[Provided data Boundary: Start]

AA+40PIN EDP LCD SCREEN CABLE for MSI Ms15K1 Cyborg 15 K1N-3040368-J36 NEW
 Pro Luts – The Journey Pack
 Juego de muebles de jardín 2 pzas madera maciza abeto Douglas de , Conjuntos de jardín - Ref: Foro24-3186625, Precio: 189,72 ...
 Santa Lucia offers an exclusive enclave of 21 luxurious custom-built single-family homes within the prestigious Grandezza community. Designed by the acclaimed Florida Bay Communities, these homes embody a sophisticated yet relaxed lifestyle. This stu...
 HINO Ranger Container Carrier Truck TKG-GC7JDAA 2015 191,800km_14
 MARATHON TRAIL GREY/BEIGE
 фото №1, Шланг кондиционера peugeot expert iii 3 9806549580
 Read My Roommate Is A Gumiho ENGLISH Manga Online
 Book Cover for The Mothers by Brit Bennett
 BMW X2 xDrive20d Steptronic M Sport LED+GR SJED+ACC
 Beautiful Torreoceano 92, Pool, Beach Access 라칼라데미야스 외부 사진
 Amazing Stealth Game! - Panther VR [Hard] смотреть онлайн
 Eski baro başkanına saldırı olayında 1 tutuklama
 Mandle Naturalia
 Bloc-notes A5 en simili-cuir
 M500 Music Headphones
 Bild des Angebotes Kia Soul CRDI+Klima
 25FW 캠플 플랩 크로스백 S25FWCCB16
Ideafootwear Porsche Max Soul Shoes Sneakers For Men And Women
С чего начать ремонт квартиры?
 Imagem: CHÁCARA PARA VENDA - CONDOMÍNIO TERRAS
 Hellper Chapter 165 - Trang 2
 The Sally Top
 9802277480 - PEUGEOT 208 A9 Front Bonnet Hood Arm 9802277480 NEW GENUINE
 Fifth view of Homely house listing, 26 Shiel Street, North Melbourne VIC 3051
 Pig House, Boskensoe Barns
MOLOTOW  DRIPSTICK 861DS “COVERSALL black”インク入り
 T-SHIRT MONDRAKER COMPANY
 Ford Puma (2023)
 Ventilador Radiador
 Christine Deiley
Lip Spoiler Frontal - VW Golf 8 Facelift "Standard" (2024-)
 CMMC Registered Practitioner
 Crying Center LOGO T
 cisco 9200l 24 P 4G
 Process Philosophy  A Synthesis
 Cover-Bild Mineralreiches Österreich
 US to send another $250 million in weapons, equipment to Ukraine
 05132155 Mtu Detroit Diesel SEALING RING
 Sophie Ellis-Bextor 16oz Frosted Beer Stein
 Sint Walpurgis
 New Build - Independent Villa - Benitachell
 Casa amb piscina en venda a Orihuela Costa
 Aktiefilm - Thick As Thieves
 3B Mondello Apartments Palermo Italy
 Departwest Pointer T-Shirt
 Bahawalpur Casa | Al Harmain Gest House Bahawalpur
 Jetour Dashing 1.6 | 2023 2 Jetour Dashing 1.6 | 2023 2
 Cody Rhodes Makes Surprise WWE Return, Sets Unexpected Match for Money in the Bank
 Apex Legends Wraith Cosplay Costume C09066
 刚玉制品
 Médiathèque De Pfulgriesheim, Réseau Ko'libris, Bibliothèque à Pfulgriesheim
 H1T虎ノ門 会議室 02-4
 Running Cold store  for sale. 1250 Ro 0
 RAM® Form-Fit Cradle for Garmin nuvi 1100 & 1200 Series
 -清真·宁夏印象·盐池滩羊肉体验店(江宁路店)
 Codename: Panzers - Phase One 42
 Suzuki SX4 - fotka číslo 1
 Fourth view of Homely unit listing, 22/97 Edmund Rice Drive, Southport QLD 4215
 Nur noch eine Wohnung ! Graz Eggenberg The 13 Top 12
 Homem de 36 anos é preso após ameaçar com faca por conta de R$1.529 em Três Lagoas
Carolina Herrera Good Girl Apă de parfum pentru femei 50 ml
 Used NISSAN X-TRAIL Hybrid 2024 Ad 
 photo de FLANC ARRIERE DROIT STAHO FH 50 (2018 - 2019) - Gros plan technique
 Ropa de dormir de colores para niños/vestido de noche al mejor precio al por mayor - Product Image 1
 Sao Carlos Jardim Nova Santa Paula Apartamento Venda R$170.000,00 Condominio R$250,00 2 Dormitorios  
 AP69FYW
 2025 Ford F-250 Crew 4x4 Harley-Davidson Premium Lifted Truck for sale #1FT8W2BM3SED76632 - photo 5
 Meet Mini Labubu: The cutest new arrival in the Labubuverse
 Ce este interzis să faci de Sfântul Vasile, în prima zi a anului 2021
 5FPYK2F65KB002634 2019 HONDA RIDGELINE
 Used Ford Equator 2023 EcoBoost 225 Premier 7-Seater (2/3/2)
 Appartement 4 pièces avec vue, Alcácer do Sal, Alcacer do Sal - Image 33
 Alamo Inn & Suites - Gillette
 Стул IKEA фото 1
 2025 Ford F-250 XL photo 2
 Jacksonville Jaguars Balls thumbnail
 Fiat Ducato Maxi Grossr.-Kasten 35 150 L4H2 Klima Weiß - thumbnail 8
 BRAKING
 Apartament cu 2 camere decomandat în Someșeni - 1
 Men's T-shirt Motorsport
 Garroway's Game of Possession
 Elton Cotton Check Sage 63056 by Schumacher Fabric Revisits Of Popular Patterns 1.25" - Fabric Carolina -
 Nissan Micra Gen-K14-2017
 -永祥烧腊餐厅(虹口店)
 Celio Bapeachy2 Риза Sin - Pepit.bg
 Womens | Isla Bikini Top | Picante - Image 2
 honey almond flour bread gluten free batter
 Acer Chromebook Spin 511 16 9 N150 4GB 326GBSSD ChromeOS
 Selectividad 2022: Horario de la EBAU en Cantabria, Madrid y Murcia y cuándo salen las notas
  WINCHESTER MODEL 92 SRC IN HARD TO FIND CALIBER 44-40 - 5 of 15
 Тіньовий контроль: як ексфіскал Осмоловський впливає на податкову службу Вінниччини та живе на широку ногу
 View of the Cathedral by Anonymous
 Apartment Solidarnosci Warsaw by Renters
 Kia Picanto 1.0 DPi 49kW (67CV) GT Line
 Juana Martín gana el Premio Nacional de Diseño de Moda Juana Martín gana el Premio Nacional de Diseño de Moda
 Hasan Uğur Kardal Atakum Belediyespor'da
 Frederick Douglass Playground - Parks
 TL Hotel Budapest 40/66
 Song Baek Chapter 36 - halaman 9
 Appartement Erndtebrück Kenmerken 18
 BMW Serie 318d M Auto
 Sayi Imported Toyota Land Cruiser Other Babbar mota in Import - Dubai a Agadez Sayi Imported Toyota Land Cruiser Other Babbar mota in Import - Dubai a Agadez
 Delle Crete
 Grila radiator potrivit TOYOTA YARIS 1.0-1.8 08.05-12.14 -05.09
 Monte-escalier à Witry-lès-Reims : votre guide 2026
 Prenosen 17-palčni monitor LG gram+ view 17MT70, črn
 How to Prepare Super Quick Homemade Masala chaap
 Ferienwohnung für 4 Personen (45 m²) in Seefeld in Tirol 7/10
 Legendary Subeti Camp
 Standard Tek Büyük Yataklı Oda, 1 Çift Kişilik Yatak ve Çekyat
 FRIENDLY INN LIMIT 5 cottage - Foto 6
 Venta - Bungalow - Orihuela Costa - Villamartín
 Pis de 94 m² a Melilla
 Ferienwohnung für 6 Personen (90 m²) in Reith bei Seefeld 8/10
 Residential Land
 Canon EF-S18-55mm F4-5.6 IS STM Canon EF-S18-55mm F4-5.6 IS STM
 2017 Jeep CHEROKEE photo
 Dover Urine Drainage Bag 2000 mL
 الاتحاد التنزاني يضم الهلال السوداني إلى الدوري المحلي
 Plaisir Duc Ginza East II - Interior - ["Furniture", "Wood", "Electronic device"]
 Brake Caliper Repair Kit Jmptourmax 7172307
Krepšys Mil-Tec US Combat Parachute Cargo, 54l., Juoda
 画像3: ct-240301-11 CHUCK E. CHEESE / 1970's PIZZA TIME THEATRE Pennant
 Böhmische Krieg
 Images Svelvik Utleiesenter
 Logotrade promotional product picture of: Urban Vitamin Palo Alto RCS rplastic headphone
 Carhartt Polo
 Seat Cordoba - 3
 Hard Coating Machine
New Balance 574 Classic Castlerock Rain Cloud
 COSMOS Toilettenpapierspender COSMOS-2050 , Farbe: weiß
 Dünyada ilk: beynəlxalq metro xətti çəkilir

[Provided data Boundary: End]

▶ Task directions:
Of the entries above, repeat exactly the lines between the line with "Alamo Inn & Suites - Gillette" and the line with "Men's T-shirt Motorsport", inclusive, and no others.

▶ Result of the task:
 Alamo Inn & Suites - Gillette
 Стул IKEA фото 1
 2025 Ford F-250 XL photo 2
 Jacksonville Jaguars Balls thumbnail
 Fiat Ducato Maxi Grossr.-Kasten 35 150 L4H2 Klima Weiß - thumbnail 8
 BRAKING
 Apartament cu 2 camere decomandat în Someșeni - 1
 Men's T-shirt Motorsport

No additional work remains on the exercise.